Find the line containing "Perfect Shape Condo" in the records below. Copy exactly that line and each one after it, ending at the line containing "组图：蕾哈娜巡演激情献唱 大秀好身材", and nothing more.

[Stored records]
-*-

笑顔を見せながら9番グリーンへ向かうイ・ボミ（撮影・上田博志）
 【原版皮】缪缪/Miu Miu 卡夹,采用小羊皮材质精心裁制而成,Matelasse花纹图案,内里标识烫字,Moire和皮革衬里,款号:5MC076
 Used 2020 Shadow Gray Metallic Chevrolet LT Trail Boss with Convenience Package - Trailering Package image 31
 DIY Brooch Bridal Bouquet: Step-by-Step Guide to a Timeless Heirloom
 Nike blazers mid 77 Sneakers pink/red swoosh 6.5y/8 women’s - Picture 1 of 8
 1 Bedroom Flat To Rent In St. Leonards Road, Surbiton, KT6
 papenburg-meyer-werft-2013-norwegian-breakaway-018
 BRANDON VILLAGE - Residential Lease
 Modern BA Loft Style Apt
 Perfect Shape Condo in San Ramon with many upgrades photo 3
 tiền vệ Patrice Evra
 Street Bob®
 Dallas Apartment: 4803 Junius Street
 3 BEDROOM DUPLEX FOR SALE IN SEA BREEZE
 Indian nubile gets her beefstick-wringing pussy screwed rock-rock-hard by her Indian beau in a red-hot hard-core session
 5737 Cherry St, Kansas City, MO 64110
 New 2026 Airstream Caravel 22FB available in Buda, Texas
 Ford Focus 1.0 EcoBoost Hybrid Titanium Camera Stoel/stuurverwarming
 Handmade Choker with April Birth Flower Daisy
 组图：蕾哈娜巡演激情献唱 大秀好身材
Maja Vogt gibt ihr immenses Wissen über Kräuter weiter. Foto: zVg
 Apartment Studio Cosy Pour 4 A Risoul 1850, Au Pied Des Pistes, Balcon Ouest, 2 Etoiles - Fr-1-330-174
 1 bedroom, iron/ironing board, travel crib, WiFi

-*-

Response for this exercise »
 Perfect Shape Condo in San Ramon with many upgrades photo 3
 tiền vệ Patrice Evra
 Street Bob®
 Dallas Apartment: 4803 Junius Street
 3 BEDROOM DUPLEX FOR SALE IN SEA BREEZE
 Indian nubile gets her beefstick-wringing pussy screwed rock-rock-hard by her Indian beau in a red-hot hard-core session
 5737 Cherry St, Kansas City, MO 64110
 New 2026 Airstream Caravel 22FB available in Buda, Texas
 Ford Focus 1.0 EcoBoost Hybrid Titanium Camera Stoel/stuurverwarming
 Handmade Choker with April Birth Flower Daisy
 组图：蕾哈娜巡演激情献唱 大秀好身材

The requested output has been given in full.